Çeşitli veriler sunuluyor ama halkın gerçeğini değiştirecek hiçbir bilgi önümüze gelmiyor. Hakikat bizzat halkın yaşadığı yerdedir; sokaktadır, manavdadır, pazardadır, markettedir. TÜİK verileriyle bu hakikati gizleyebileceğini sananlar büyük yanılıyorlar, yanıldıklarını büyük darbelerle öğrenecekler. Halkın kendilerine vereceği dersle bunun farkına varacaklar. Şimdi bize endeksler sunuyorlar, diyorlar ki Türkiye de büyüme işte şu kadar, ama bu büyümenin nasıl gerçekleştiğini ve pay edildiğini anlatmıyorlar. Evet, bir büyüme var, ihracata dayalı bir büyüme deniliyor ve bu büyüme de bir grup sermayedarın daha zenginleşmesi, yoksulun ise daha da yoksullaşmasıdır.

 

Yeni bir ekonomik modelden bahsediliyor ama bu model daha önce denendi. Asıl yapılmak istenen ülkeyi ucuz emek cennetine çevirmektir; küresel sermaye için ucuz emek cennetine, ülke halkları için cehenneme dönüştürmektir. Endeksler var önümüzde bu da bizim bildiğimiz hakikati perçinliyor. Mesela Türkiye’de küresel organize suç endeksine bakıyoruz ve bir suç imparatorluğu yaratıldığını söylüyor.

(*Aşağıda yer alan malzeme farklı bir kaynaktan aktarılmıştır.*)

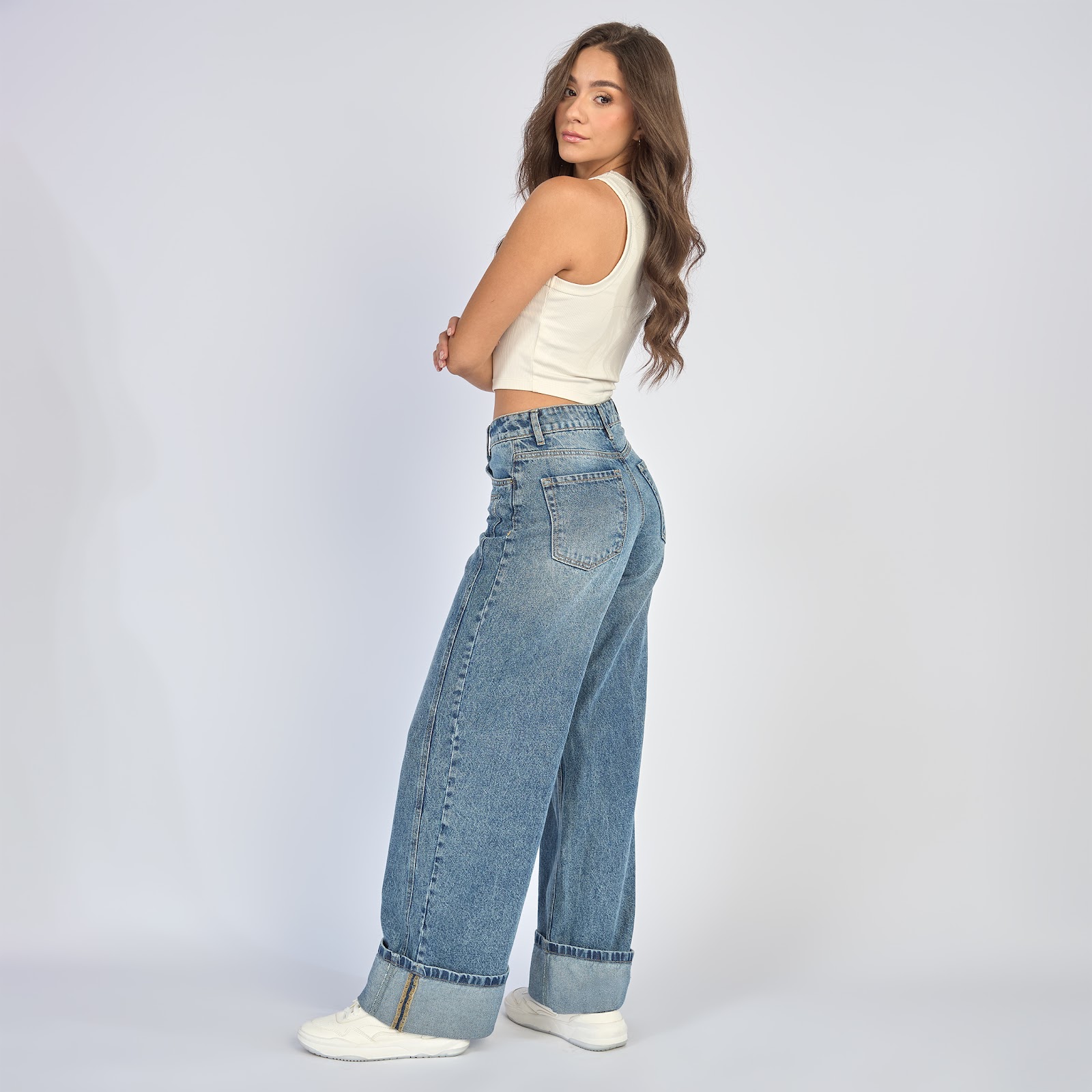 Jean wide leg tiro alto rígido con bota doblada fija, color azul medio - Vista 2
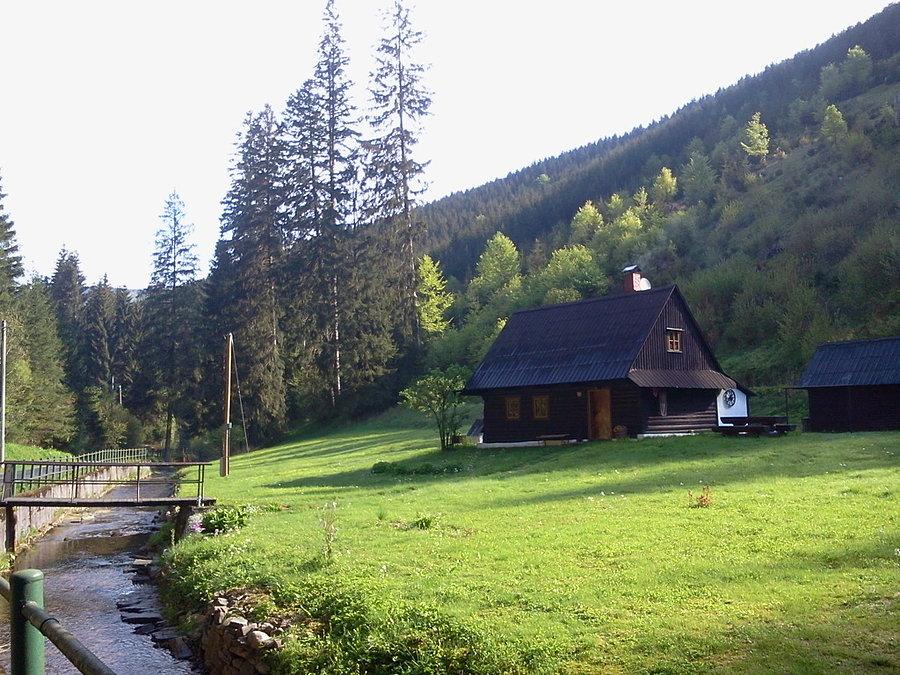 Urocza dolinka Skalka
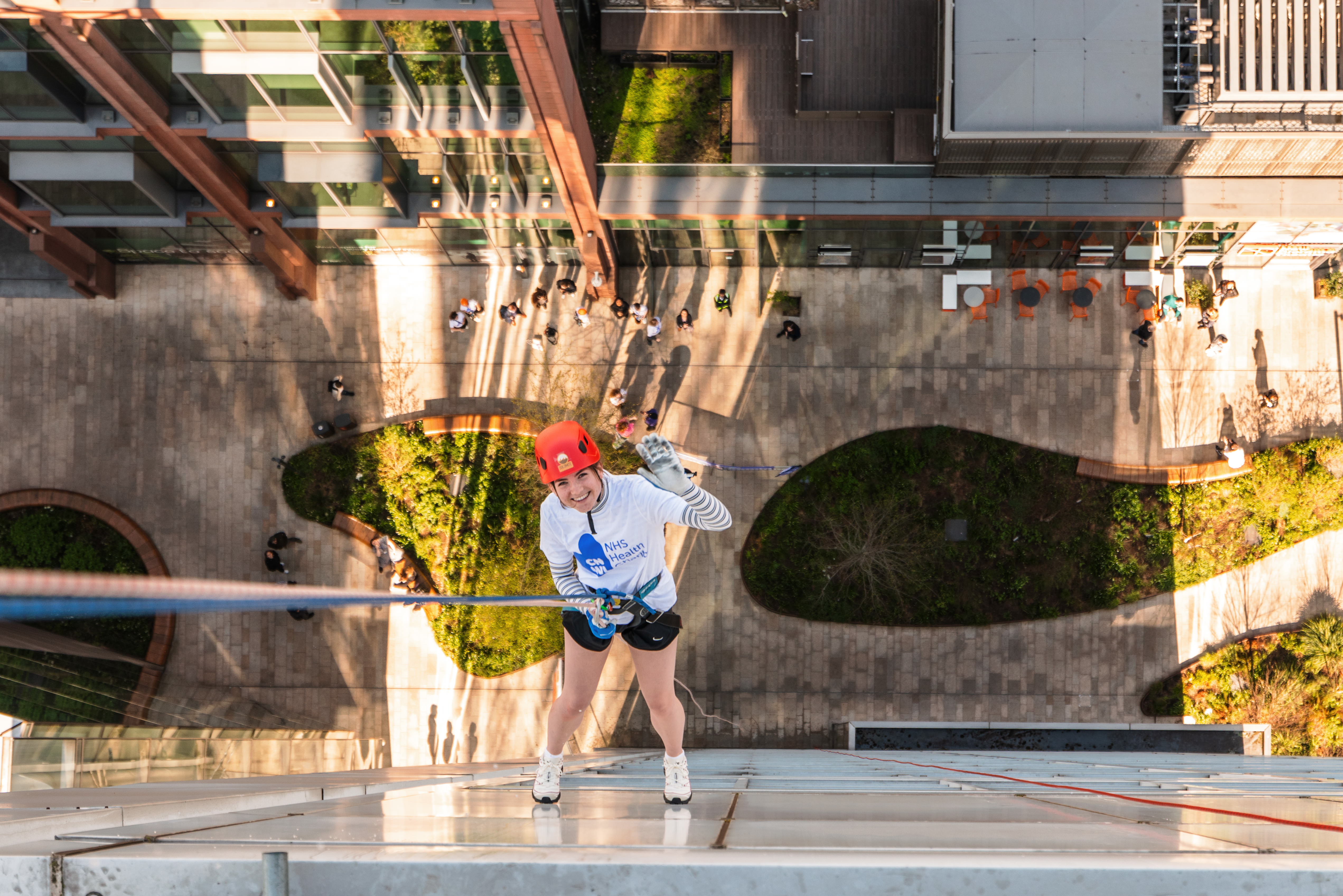 10 - 11am: Emily abseil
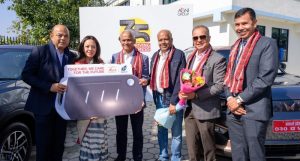 अग्नि फाउण्डेशनको ३५औँ वार्षिकोत्सवमा काठमाडौँ इन्स्टिच्युट अफ चाइल्ड हेल्थलाई दुई इलेक्ट्रिक एसयूभी हस्तान्तरण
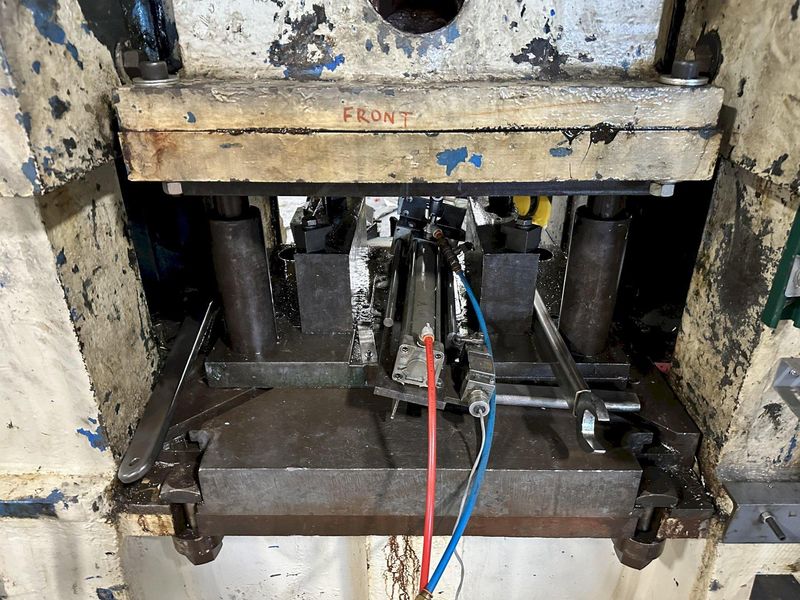 170/115 TON BLISS MODEL #4B DOUBLE ACTION TOGGLE PRESS: STOCK #20173
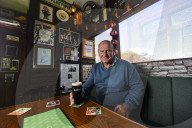 FEATURE - Sehnsucht nach Blackpool: Doug Smith baut in seinem Garten eine Replik des berühmten Blackpool Towers nach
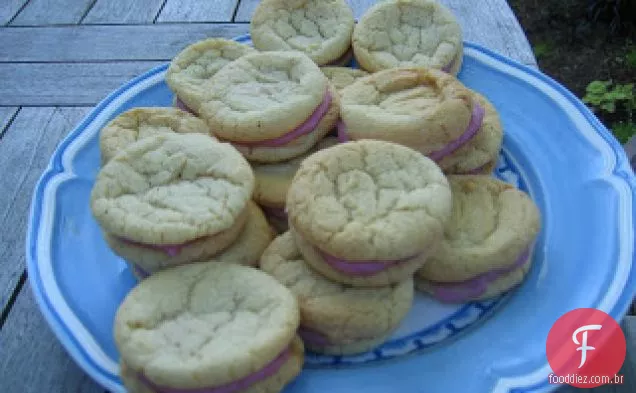 Sanduíches De Creme De Framboesa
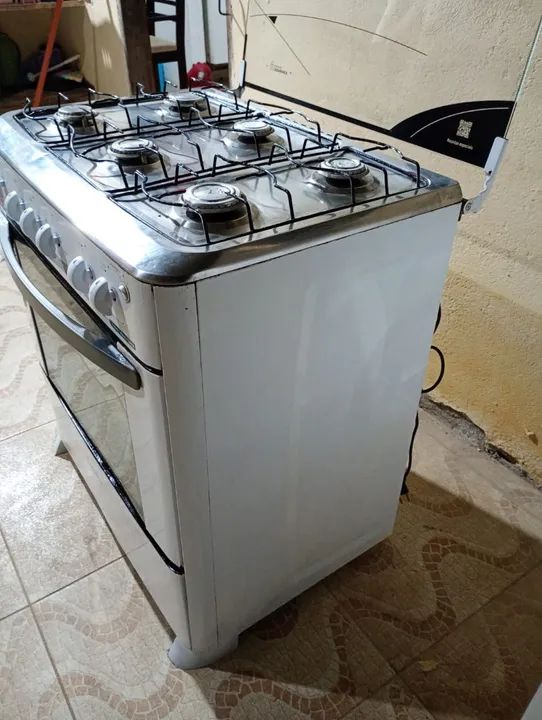 Fogão de 6 bocas usado em ótimo estado funcionando perfeitamente - Foto 2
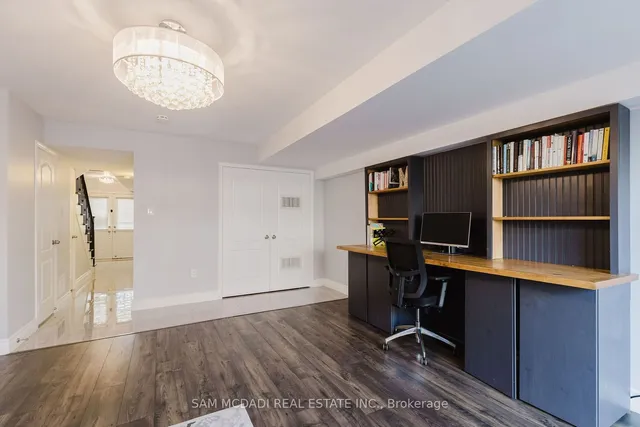 Additional image 3 of 745 Candlestick Circ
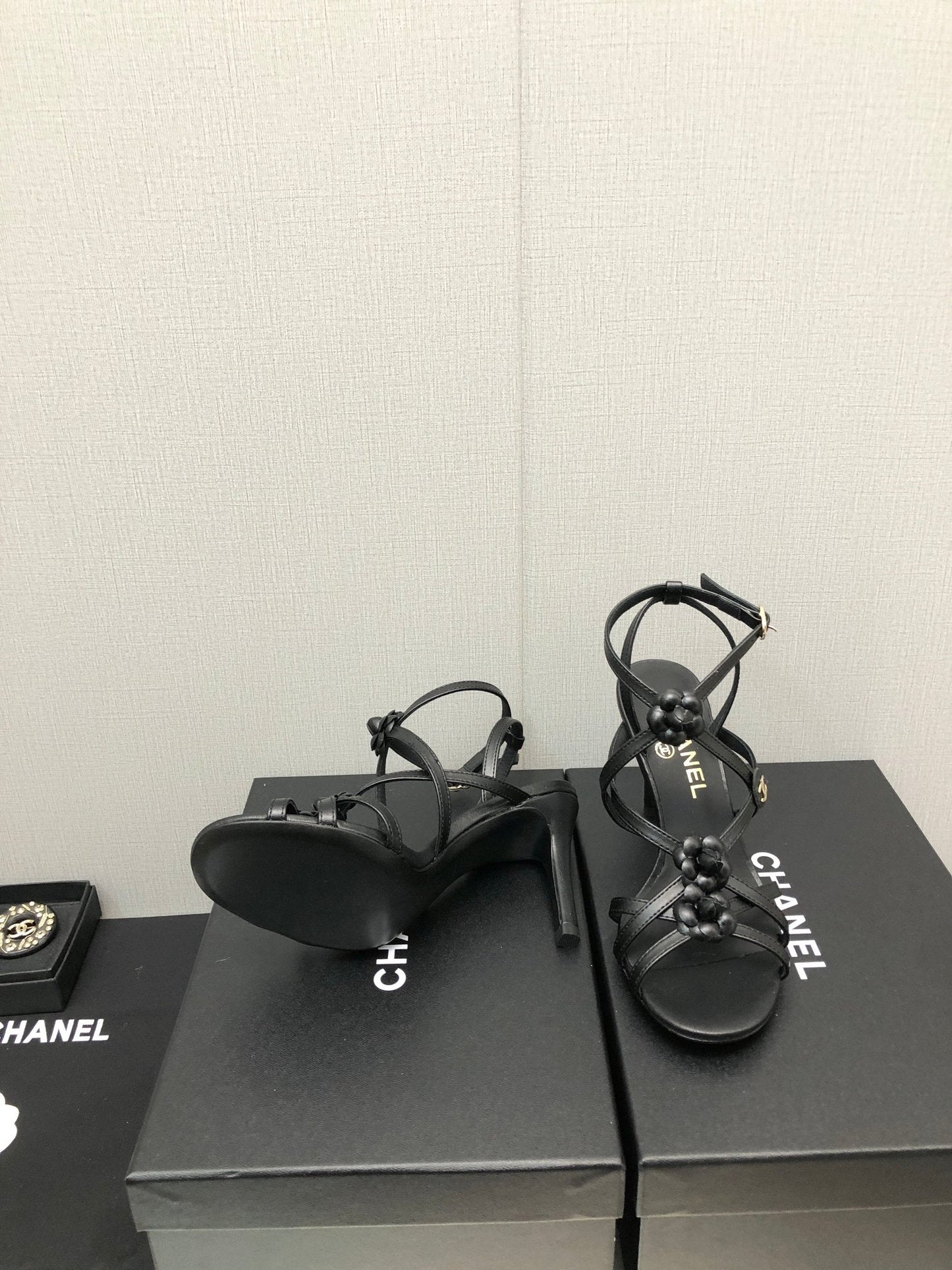 FLORAL HIGH HEEL SANDAL IN BLACK LAMBSKIN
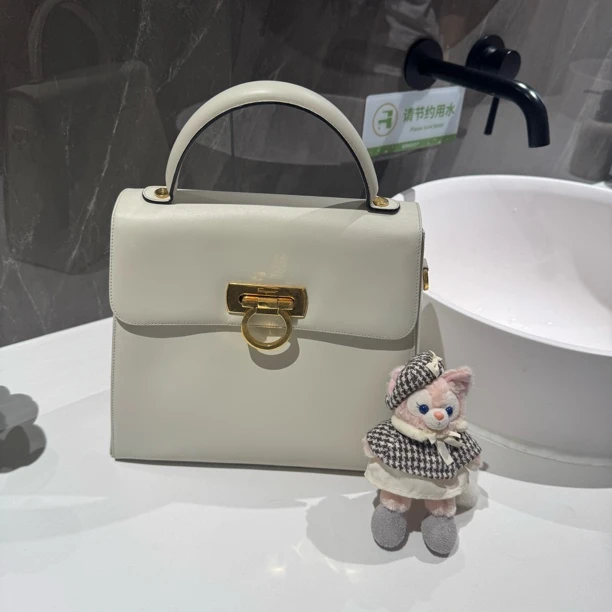 95新 FERRAGAMO/菲拉格慕 博物馆中号 手提包奶白色
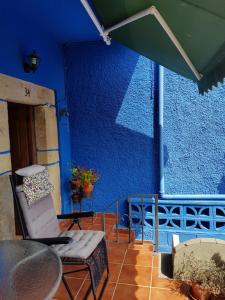 La casita azul entre playas y montañas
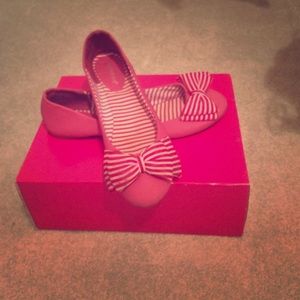 PINK AND WHITE Flats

Küresel organize suç endeksine göre Türkiye dünyada 12. sırada. İnsan kaçakçılığı ve silah ticaretinde 1.sırada, devlete ilişkin suç aktörleri kategorisinde 2.sırada. Hukukun üstünlüğü endeksine bakıyorsunuz 139 ülke arasında 117. sırada. Bu 2021’in rakamları. Daha vahim endeksler var, kara paranın aklanmasına ilişkin Mali Eylem Gücü tarafından hazırlanan bir liste ve Türkiye gri listede. Sebep kara paranın aklanması ve terörizmin finansmanının engellenmesinde başarısız olması. Her önüne geleni terörist ilan eden bu iktidar, terörizmi engellemeyen bir iktidar olarak gri listeye giriyor. Öte yandan sefalet endeksine baktığımızda Türkiye 1. sıradadır. En sefil ülke kategorisinde yer almaktadır. Bütün bunları yaratan bu düzendir, bu düzenden beslenen mevcut iktidardır. Bu iktidarın siyasal, sosyal ve ekonomik programları bu ülkeyi çoklu krize sokmuştur. Bu çoklu kriz her geçen gün derinleştirmekte ve bedeli ağırlaşmaktadır. Ekonomik kriz bunun bir göstergesi, bir boyutudur. Bunun temelinde siyasi çöküş ve düzenin bozukluğu yatmaktadır.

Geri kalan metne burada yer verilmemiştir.